Anto Grabo

Personal information
- Date of birth: 7 December 1960 (age 65)
- Place of birth: Travnik, SFR Yugoslavia (now Bosnia and Herzegovina)
- Position: Striker

Team information
- Current team: HKFC (technical coach)

Senior career*
- Years: Team / Apps / (Gls)
- 1979–1984: Željezničar Sarajevo / 69 / (14)
- 1984–1985: Dinamo Vinkovci / 18 / (2)
- 1985–1986: Rudar Ljubija / 32 / (9)
- 1986–1988: Novi Sad / 57 / (13)
- 1988–1989: Željezničar Sarajevo / 4 / (0)
- 1989–1990: Lommel / 18 / (2)
- 1990–1992: Kuala Lumpur
- 1992–1995: South China
- 1995–1997: Golden
- 1997–1999: Sing Tao
- 1999–2001: Instant-Dict
- 2001–2006: HKFC
- 2007–2008: HKFC

International career
- 1993–1994: Hong Kong / 3 / (0)

Managerial career
- 2010: South China (assistant)
- 2010–2015: HKFC (assistant)
- 2015–2016: Pegasus (assistant)
- 2016–2017: HKFC (assistant)
- 2022–2024: HKFC (assistant)
- 2024–: HKFC (technical coach)

= Anto Grabo =

Footballer (born 1960)

Anto Grabo (基保, born 7 December 1960) is a former professional footballer who played as a striker and is currently the technical coach of Hong Kong Premier League club HKFC.

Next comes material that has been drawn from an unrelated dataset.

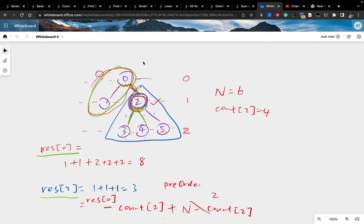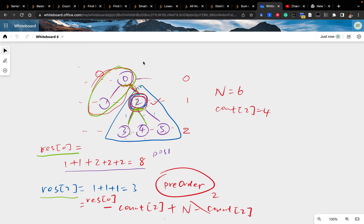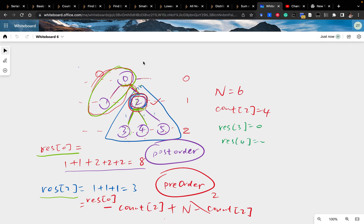Since we need result[0] first in order to compute results for all other nodes via pre-order, we must calculate result[0] first. This is done with a post-order traversal. Starting from leaf nodes: result[3], result[4], result[5] are all 0 because they have no children. count[3], count[4], count[5] are each 1.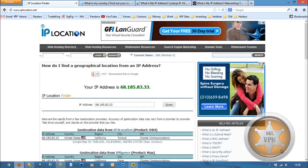Hi, Mr. VPN here, and today we're going to take a look at how to get a Spanish IP address on your phone or computer.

He played with Željezničar Sarajevo, Dinamo Vinkovci, Rudar Ljubija and RFK Novi Sad in Yugoslavia, as well as Lommel in Belgium and Kuala Lumpur FA in Malaysia before settling in Hong Kong.

== International career ==
Born in what is now Bosnia and Herzegovina, he represented Hong Kong at international level in which he became one of the oldest players fielded at the age of 40 during a friendly international fixture against Estonia back in 2000.